Для середины XIX века спор о лишних людях был отнюдь не школьный. Он спровоцировал раскол двух партий русской радикальной интеллигенции. Ленин говорил о том, что в истории России выделяются три поколения, действовавшие в революции. Сначала были дворяне-помещики, декабристы и Герцен, которые страшно далеки были от народа. Потом были революционеры-разночинцы, начиная от Чернышевского и заканчивая героями «Народной воли», которые были поближе к народу. И наконец, были пролетарии, которые и есть народ. Получилось, что романы «
Обломов» и «Рудин» поссорили представителей первого поколения революционеров, дворян 1840-х годов, и второго поколения, революционеров-разночинцев 1860-х годов.
Обломов и Захар, иллюстрация к роману «Обломов». Автор: К. Чичагов
Если не брать в расчет декабристов, с которых у нас начинается революционное движение, то первую оригинальную революционную теорию, получившую название «русский крестьянский социализм», сформулировал Александр Герцен. У Герцена была одна характерная черта: он был тем, кого мы называем кающимся дворянином. С одной стороны, он поклялся бороться с рабством и деспотизмом, с другой - не освободил своих крестьян и выступал против насильственной революции. Он был сложным, противоречивым революционером.
А вот в конце 1850-х - начале 1860-х годов, накануне Великих реформ, в России многое изменилось, и, помимо всего прочего, изменился состав русских революционеров. На сцене вместо идеалистов - таких как Герцен, которые черпали свое вдохновение в стихах
Шиллера, немецкой классической философии, трудах французских социалистов-утопистов, - вдруг появился новый человек, реалист. Который не особенно интересовался философами и поэтами, занимался не абстрактной философией, а естественными науками. Чаще всего это были разночинцы, и они не страдали раздвоенностью, которой страдали все кающиеся дворяне.
Когда разночинцы (Чернышевский, Добролюбов, Писарев) начали печатать свои статьи, вдруг всем показалось, что Герцен в одночасье страшно устарел. Что он уже недостаточно революционный, что он как бы что-то недоговаривает, что он явно не тот, на кого должна ориентироваться молодежь. И вот на фоне смены поколений в революционном движении произошел спор лишних людей и новых людей. Это был спор Николая Добролюбова и Александра Герцена на страницах «Современника» и лондонского «Колокола».

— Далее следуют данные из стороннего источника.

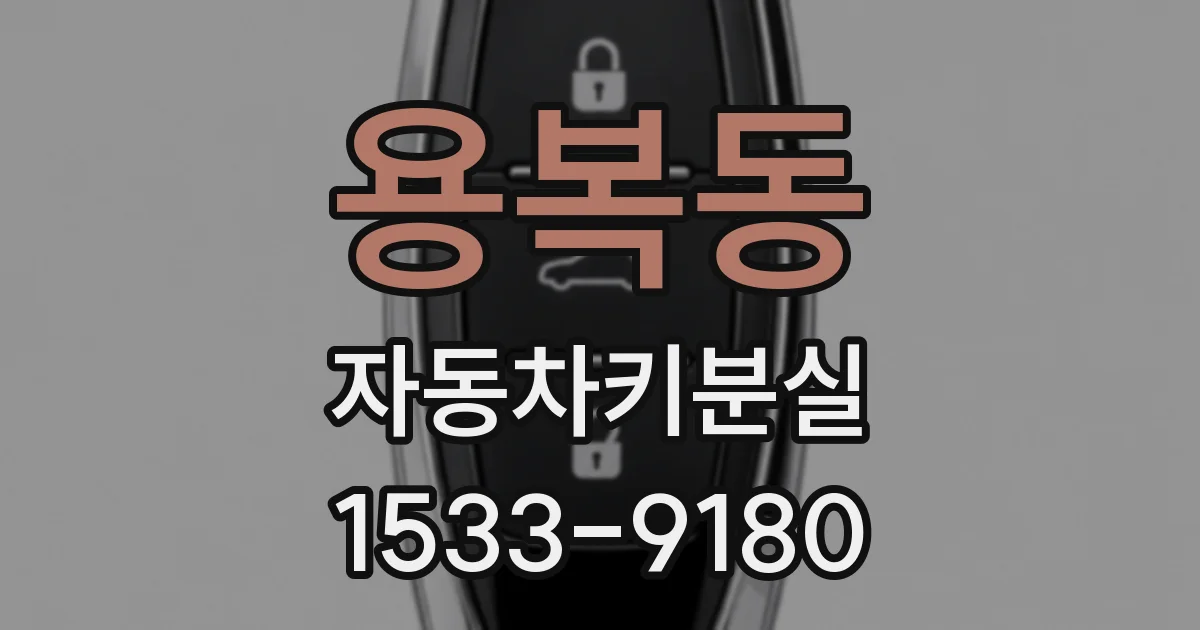 용복동 자동차키분실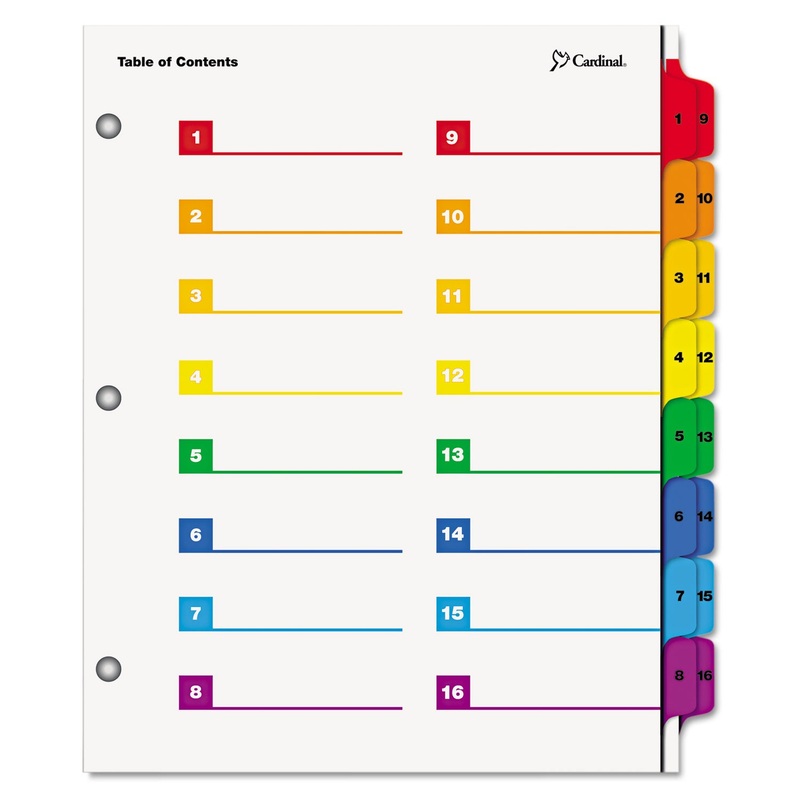 ONESTEP PRINTABLE TABLE OF CONTENTS AND DIVIDERS – DOUBLE COLUMN, 32-TAB, 1 TO 32, 11 X 8.5, WHITE, 1 SET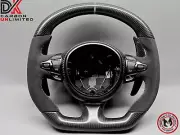 Aston Martin Vantage DB11 DBS Gray Ring Alcantara Matte Carbon Steering Wheel v1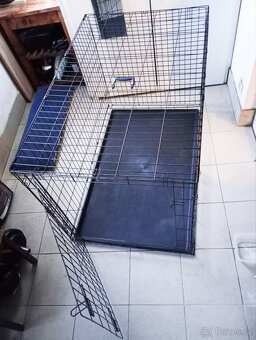 Skládácí klec XXL - 122 x 84 x 76 cm - 2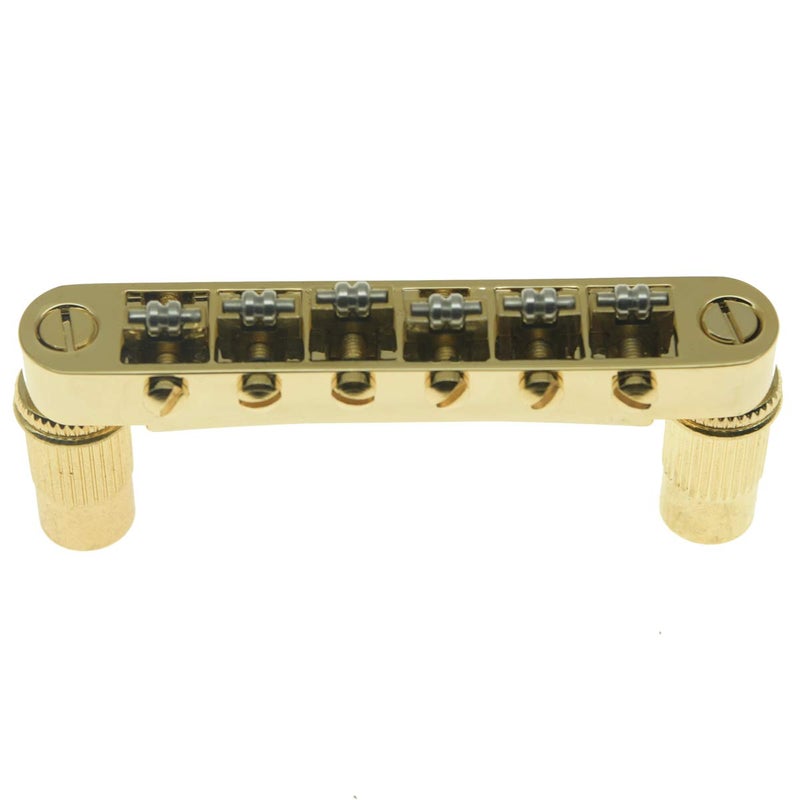 KAISH Gold Guitar Roller Saddle Bridge Tune-O-Matic Bridge For Epi Les Paul,SG,Dot,Bigsby Guitar with M8 Threaded Posts - Image 2
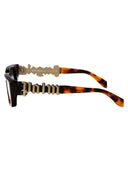 Palm Angels Squared Sunglasses Peri040 F23 Pla001 6055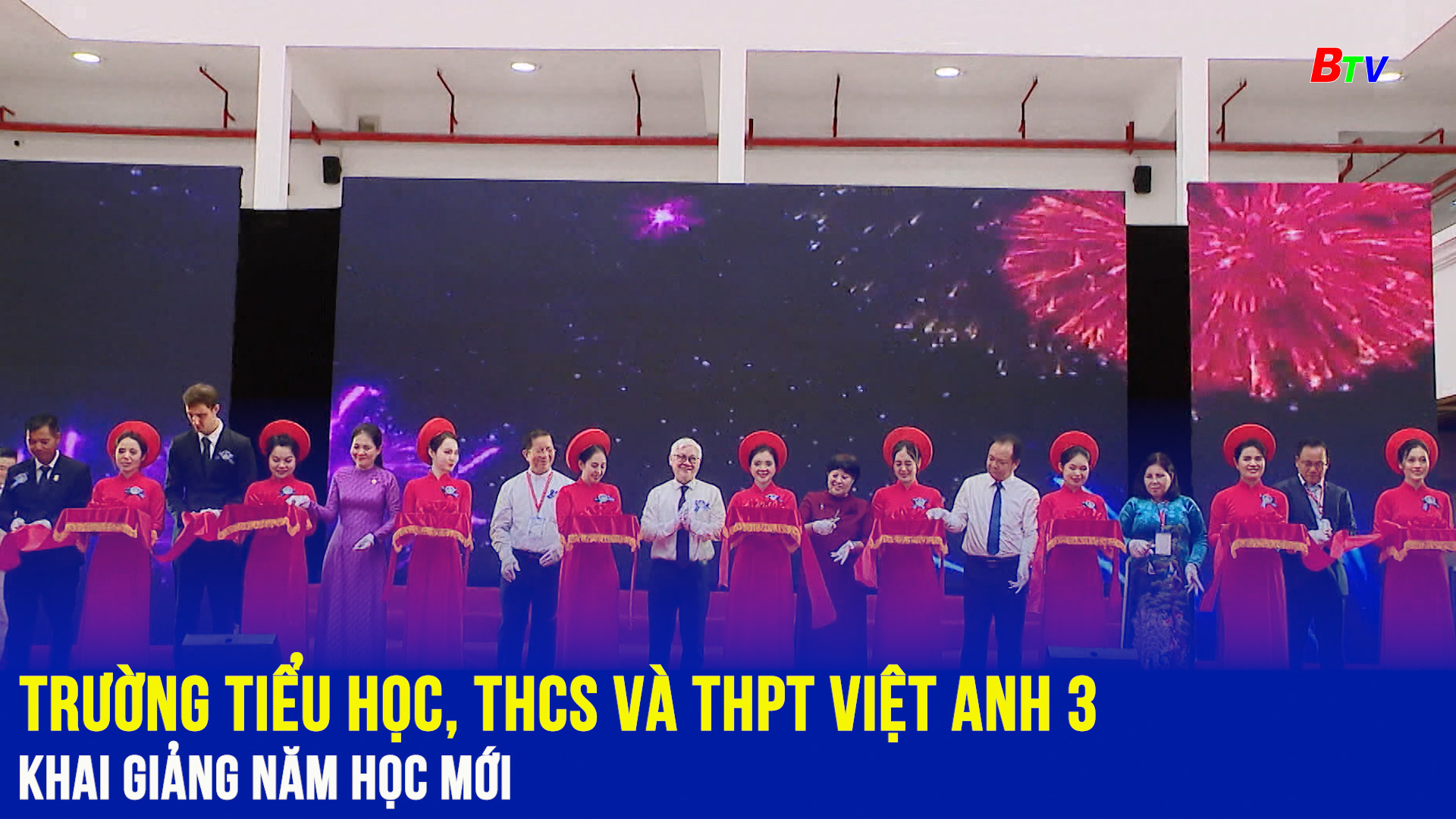 Trường Tiểu học, THCS và THPT Việt Anh 3 khai giảng năm học mới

Добролюбов писал о том, что молодые разночинцы сменят оппозиционеров старого поколения
Началом этой полемики можно считать статью Добролюбова «Литературные мелочи прошлого года». Это была статья 1859 года, в которой он провел сравнительный анализ «отцов» и «детей» в революционном движении. Он напрямую об этом не говорил, но все понимали, о чем идет речь.
В этой статье Добролюбов писал дерзкие вещи: что оппозиционеры поколения Герцена были честными людьми, стремились к добру и справедливости, но больше всего они верили в книжные философские принципы, которые не имели ничего общего с действительностью. Но им на смену приходит новое поколение, молодые разночинцы, которые уже не интересуются абстрактной философией и могут принести настоящую пользу народу.
После этого Добролюбов выпустил сразу еще одну дерзкую статью, которая называлась «
Что такое обломовщина». Она была посвящена роману «Обломов», но и отчасти роману «Рудин». Там он писал, что все эти Бельтовы и Рудины, лишние люди 1840-х годов, - только разновидность лентяя Обломова. Они были заражены той же болезнью, «обломовщиной», и, кроме болтовни, ничего не сделали для общей пользы.
Герцен прочитал эту статью и понял, что молодое поколение пытается утверждаться за счет стариков. Ему это очень не понравилось, и он в 1860 году выпустил статью под названием «Лишние люди и желчевики». Желчевиками он называл молодых разночинцев, которые, с его точки зрения, были очень злы и страдали разлитием желчи. Он выступил в защиту лишних людей и сказал, что молодым людям, которые будут судить о поколении отцов по статьям Добролюбова, нужно вспомнить, в каких условиях предыдущее поколение жило: в николаевское время инакомыслие каралось виселицей, тюрьмой, каторгой и ссылкой. И лишними людьми становились эти оппозиционеры 1840-х годов не потому, что они были лентяями, а потому, что они просто не хотели служить николаевскому правительству.
Герцен считал, что молодые люди вроде Добролюбова пытаются самоутверждаться за счет стариков / culture.ru
Именно поэтому тех литературных героев, которые написаны при Николае - Онегина, Печорина, Бельтова и Рудина, - мы можем считать лишними людьми. А вот Обломова, который написан уже при Александре II, мы лишним считать не можем. Обломов просто лентяй.
Персонаж Рудина пополнил «сонм лишних людей»: не мог ни служить, ни прочитать лекцию. Иван Тургенев «Рудин»
Вот такая необычная литературоведческая полемика. На фоне обсуждения Рудина и Обломова произошел раскол двух поколений, двух партий русской радикальной интеллигенции.
- Какие черты Рудина делали его лишним человеком? В чем это проявлялось?
- Лишний человек - это человек, который никак не может найти свое место в социальной действительности и оказывается «умной ненужностью». Рудин предстает в романе очень ярким человеком, талантливым, умным, харизматичным. Он обладает невероятным даром убеждения, у него замечательные ораторские способности. Но в то же время Рудин не может сделать ничего практического. Он даже лекцию не может прочитать: Тургенев с иронией пишет, что он долго готовился к лекционному курсу и вместо первой лекции, которая должна была длиться час-полтора, читал что-то сбивчивое 20 минут, но больше не смог. Закончился материал, он раскраснелся и убежал. Пытался служить - не получилось. Пытался строить мосты - не смог. Ничего не смог. Герои противоположного склада, деятельные, появляются позже, в правление Александра II.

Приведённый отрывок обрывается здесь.